Adding One More 'If' Statement Can Affect Performance by Over 100 Seconds

Note:
This topic has been translated from a Chinese forum by GPT and might contain errors.

Original topic: 多一行if就会影响100多秒性能

| username: Jjjjayson_zeng

【TiDB Usage Environment】Production Environment
【TiDB Version】
【Reproduction Path】What operations were performed when the problem occurred
【Encountered Problem: Problem Phenomenon and Impact】
【Resource Configuration】Go to TiDB Dashboard - Cluster Info - Hosts and take a screenshot of this page
【Attachments: Screenshots/Logs/Monitoring】


workflow.sql (19.7 KB)
Remove_if_execution_plan.xlsx (18.5 KB)
For_remove_execution_plan.xlsx (18.4 KB)


On the surface, adding an if statement will cause it to use the disk.

| username: tidb狂热爱好者 | Original post link

The calculation should be moved out of SQL. Your SQL is calculating each row and putting all the load on TiDB.

| username: Jjjjayson_zeng | Original post link

How to modify this SQL?

| username: xfworld | Original post link

Without an intermediate layer, can it help you perform these calculations, or must the scenario be implemented using SQL?

| username: Jjjjayson_zeng | Original post link

It must be done with SQL, this should be fine.

| username: Mingdr | Original post link

Comparing the two execution plans, it seems that the slowdown is caused by sorting and flushing to disk.

| username: Jjjjayson_zeng | Original post link

Why does it go through the sorting algorithm? I don’t understand.

| username: 哈喽沃德 | Original post link

Calculate the if condition in advance.

| username: Jjjjayson_zeng | Original post link

How to advance?

| username: Jjjjayson_zeng | Original post link

Can you give a simple example?

| username: tidb狂热爱好者 | Original post link

Create a virtual column to calculate the total duration, including holidays, and change it to a virtual column to calculate it in advance.

| username: Jjjjayson_zeng | Original post link

Here’s a simple example, I’m a bit confused, master.

| username: 有猫万事足 | Original post link

After removing

└─Sort_132	390.23	410417	root		time:36.3s, loops:402	heytea.orgstdstruct.unitcode, heytea.rbsj.gh, heytea.rbsj.sjrq	409.6 MB	0 Bytes

Without removing

└─Sort_132	390.23	410417	root		time:2m29s, loops:402	heytea.orgstdstruct.unitcode, heytea.rbsj.gh, heytea.rbsj.sjrq	410.2 MB	466.9 MB

When not removed, the sort spilled to disk. The disk size is 466.9 MB.

I checked, once the sort operator spills to disk, it uses external sorting.
From the performance report submitted at that time, it indeed causes a significant performance regression, roughly 4-12 times.

Additionally, I still think your SQL should run on TiFlash.

| username: Jjjjayson_zeng | Original post link

I added it, but it won’t run. What should I do?

| username: 有猫万事足 | Original post link

If it’s convenient, you can save a copy of the on-site execution information, and I can take a look at it on my own cluster. This includes some cluster parameters, table structures, and statistics. You can also open the zip file yourself and delete any content you feel is inappropriate.

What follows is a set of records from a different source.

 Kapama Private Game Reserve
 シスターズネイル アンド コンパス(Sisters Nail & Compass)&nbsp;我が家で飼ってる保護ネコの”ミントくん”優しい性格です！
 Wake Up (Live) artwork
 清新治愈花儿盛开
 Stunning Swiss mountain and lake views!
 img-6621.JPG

If it’s not convenient, then never mind.
The key points to check are whether MPP is enabled (without MPP, hash join cannot be pushed down to TiFlash for execution) and whether there are any tables in the query that do not have TiFlash replicas.

| username: Jjjjayson_zeng | Original post link

It’s not convenient for me to download it here.

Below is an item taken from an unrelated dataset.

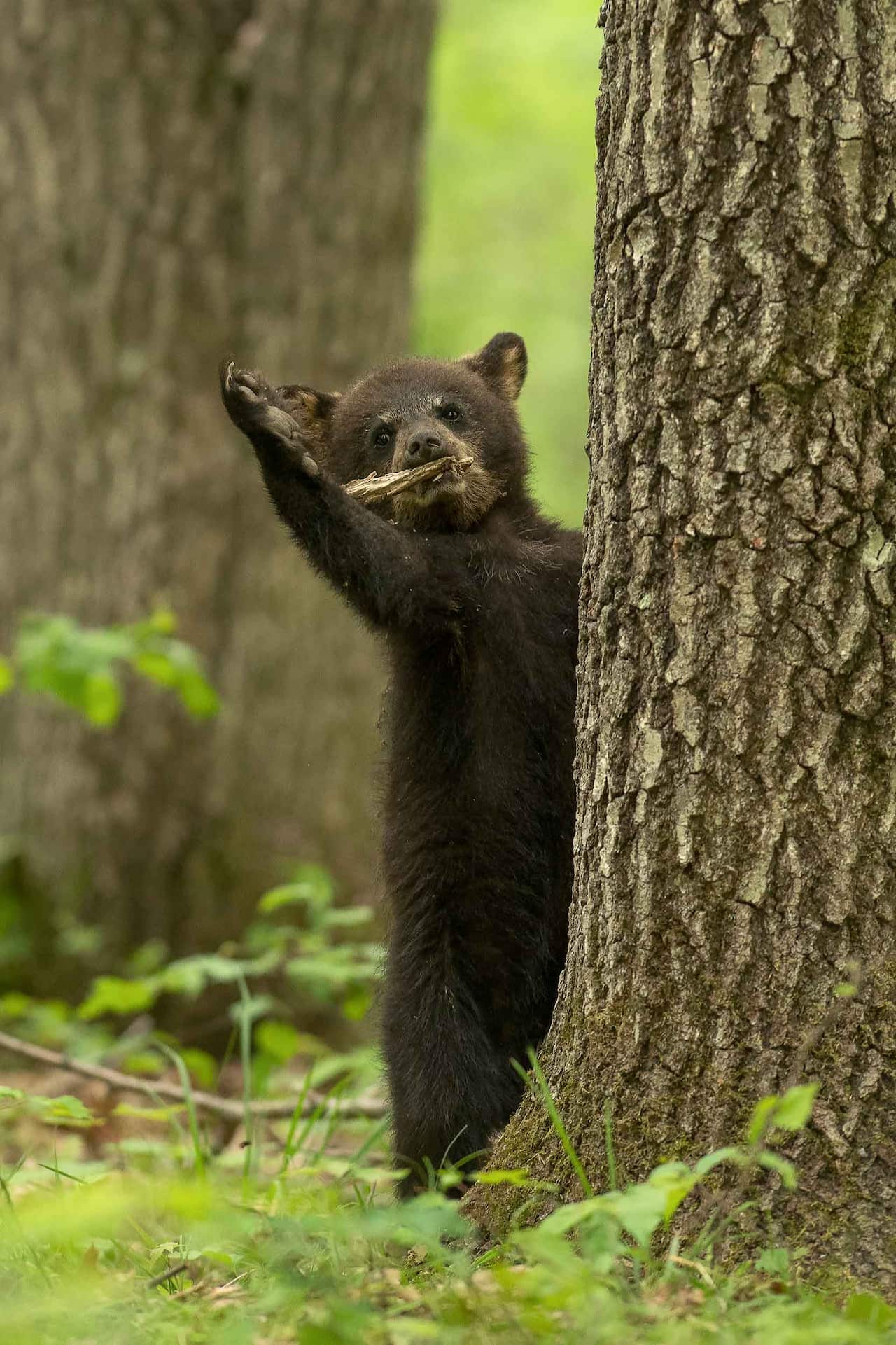 31. Dave-Shaffer_Curtain-Call-II_00002078.jpg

| username: 有猫万事足 | Original post link

Okay. Take a close look at the MPP documentation.

It shouldn’t actually be very complicated. Normally, if all the tables in the SQL query have TiFlash replicas and you set it at the session level to force MPP, you should be able to see that part of it is using MPP.

Your execution plan basically doesn’t have any TiFlash parts in it. I feel that one of these two conditions is not being met. This shouldn’t be hard to find.

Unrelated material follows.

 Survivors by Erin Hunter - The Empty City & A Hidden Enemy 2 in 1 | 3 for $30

| username: Jjjjayson_zeng | Original post link

The fact that TiFlash wasn’t used proves that the system determined TiFlash wasn’t necessary. That’s how I understand it. I feel that this issue might not necessarily be with TiFlash.

| username: 有猫万事足 | Original post link

Your SQL aggregates several tables, each with around 20 million rows, into 14,000 rows. This is a suitable scenario for TiFlash + MPP.

I’m not sure whether the optimizer didn’t choose this or if there’s some setting preventing it from doing so.

| username: Qiuchi | Original post link

How about trying to enforce MPP with tidb_enforce_mpp?